R yahoo! Finance Download for Signals Universe

I had shared this download routine in RocketChat but figured it should be shared here as well. The resulting Signals_data list is in long format, so depending on your preferences, you can convert it to a data.frame of returns (and volumes).

Whole process takes < 10 min on 7 cores.

first.date <- Sys.Date()-365
last.date <- Sys.Date()

map <- read.csv('https://numerai-signals-public-data.s3-us-west-2.amazonaws.com/signals_ticker_map_w_bbg.csv')
# Used to have missing symbols in the yahoo map
map <- map[-which(map$yahoo==""),]

start.time <- Sys.time()

future::plan(future::multisession, workers = floor(parallel::detectCores()-1))

Signals_data <- BatchGetSymbols(tickers = map$yahoo,
                                first.date = first.date,
                                last.date = last.date, 
                                do.parallel = TRUE)

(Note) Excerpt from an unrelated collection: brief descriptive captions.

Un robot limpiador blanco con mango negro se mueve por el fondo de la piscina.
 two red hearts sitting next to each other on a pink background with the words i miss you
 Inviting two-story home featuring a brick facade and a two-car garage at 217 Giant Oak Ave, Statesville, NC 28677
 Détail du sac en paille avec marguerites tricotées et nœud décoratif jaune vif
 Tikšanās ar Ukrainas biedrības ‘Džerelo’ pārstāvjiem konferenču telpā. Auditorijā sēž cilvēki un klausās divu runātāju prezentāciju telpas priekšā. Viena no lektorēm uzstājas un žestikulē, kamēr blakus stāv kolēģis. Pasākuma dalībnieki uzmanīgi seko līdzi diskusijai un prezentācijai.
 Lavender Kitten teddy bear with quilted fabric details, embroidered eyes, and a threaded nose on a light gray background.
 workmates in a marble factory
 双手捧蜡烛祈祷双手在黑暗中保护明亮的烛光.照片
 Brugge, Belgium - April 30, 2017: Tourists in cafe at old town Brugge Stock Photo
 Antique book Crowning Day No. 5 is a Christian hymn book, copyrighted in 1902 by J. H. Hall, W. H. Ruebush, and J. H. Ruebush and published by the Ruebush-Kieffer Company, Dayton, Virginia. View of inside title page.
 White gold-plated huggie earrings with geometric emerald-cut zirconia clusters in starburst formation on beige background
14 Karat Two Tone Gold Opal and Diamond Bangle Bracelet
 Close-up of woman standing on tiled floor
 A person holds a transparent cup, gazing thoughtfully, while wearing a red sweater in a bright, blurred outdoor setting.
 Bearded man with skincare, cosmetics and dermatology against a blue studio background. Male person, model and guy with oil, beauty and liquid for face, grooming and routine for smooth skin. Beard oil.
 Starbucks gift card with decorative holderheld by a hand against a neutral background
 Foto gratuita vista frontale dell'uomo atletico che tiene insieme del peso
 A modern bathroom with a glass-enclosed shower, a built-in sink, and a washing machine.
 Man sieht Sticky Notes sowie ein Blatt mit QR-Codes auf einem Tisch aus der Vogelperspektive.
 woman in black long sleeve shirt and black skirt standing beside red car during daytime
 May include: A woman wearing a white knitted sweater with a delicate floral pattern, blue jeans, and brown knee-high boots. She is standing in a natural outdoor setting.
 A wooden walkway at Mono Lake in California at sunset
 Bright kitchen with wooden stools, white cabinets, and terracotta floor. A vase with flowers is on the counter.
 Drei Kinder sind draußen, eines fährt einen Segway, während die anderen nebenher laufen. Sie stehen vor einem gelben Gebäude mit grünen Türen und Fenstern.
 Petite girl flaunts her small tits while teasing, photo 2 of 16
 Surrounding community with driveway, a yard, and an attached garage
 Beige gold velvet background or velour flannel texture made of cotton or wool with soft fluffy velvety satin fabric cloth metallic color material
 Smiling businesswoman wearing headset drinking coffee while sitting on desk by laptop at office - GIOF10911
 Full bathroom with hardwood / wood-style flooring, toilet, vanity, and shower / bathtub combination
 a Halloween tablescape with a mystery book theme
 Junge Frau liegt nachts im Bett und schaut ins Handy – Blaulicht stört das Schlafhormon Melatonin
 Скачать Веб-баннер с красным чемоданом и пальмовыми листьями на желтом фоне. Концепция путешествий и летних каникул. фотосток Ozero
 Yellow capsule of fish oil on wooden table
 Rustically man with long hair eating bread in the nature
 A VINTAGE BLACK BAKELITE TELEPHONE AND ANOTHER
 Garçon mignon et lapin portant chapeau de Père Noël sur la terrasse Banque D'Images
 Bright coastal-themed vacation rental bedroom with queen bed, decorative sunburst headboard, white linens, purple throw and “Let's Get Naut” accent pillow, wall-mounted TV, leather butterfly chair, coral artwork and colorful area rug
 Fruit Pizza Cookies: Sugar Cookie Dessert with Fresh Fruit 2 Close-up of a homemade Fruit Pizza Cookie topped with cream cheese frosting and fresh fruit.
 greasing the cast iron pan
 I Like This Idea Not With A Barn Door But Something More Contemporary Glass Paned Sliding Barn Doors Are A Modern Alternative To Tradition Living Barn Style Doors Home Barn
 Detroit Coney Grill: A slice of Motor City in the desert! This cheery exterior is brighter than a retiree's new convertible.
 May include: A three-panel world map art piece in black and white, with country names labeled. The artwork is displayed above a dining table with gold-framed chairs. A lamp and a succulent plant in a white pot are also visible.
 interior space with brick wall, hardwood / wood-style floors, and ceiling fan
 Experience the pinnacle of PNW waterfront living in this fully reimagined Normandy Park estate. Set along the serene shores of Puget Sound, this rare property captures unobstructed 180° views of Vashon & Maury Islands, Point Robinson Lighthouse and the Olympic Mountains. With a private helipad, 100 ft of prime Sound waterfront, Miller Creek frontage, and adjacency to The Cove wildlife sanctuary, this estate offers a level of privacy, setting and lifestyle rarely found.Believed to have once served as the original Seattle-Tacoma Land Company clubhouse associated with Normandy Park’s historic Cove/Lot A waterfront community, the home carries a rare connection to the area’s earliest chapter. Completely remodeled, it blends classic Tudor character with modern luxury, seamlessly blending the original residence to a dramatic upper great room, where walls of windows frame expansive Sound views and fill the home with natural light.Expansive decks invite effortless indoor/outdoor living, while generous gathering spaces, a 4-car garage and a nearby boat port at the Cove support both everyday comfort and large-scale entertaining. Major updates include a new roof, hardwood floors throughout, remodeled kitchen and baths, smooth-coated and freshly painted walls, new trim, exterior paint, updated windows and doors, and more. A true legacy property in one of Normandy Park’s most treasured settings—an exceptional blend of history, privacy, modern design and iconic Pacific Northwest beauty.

print(Sys.time() - start.time)

# Reshape returns from long to wide
Returns <- reshape2::dcast(data.frame(Signals_data$df.tickers[,7:9]), ref.date~ticker , value.var = "ret.adjusted.prices",fun.aggregate = sum)
rownames(Returns) <- Returns[,1]
Returns <- Returns[,-1]

# Reshape volume from long to wide
Volume <- reshape2::dcast(Signals_data$df.tickers[,c(5,7,8)], ref.date~ticker , value.var = "volume",fun.aggregate = sum)
rownames(Volume) <- Volume[,1]
Volume <- Volume[,-1]
colnames(Volume) <- colnames(Returns)

Hey - I might be doing something wrong but I can’t get BackGetSymbols to be assigned to Signals_data. I think it’s due to this error: Error: Can't combine …1$price.open<double> and…1910$price.open <character>.

Here’s what I’m doing:

Signals_data <- BatchGetSymbols(tickers = map$yahoo,
                                first.date = first.date,
                                last.date = last.date, 
                                do.parallel = TRUE)

It results in this:

< get a ton of 'looking good' messages >
TNK | yahoo (5197|5197) | Found cache file - Got 100% of valid prices | Nice!Error: Can't combine `..1$price.open` <double> and `..1910$price.open` <character>.
Run `rlang::last_error()` to see where the error occurred.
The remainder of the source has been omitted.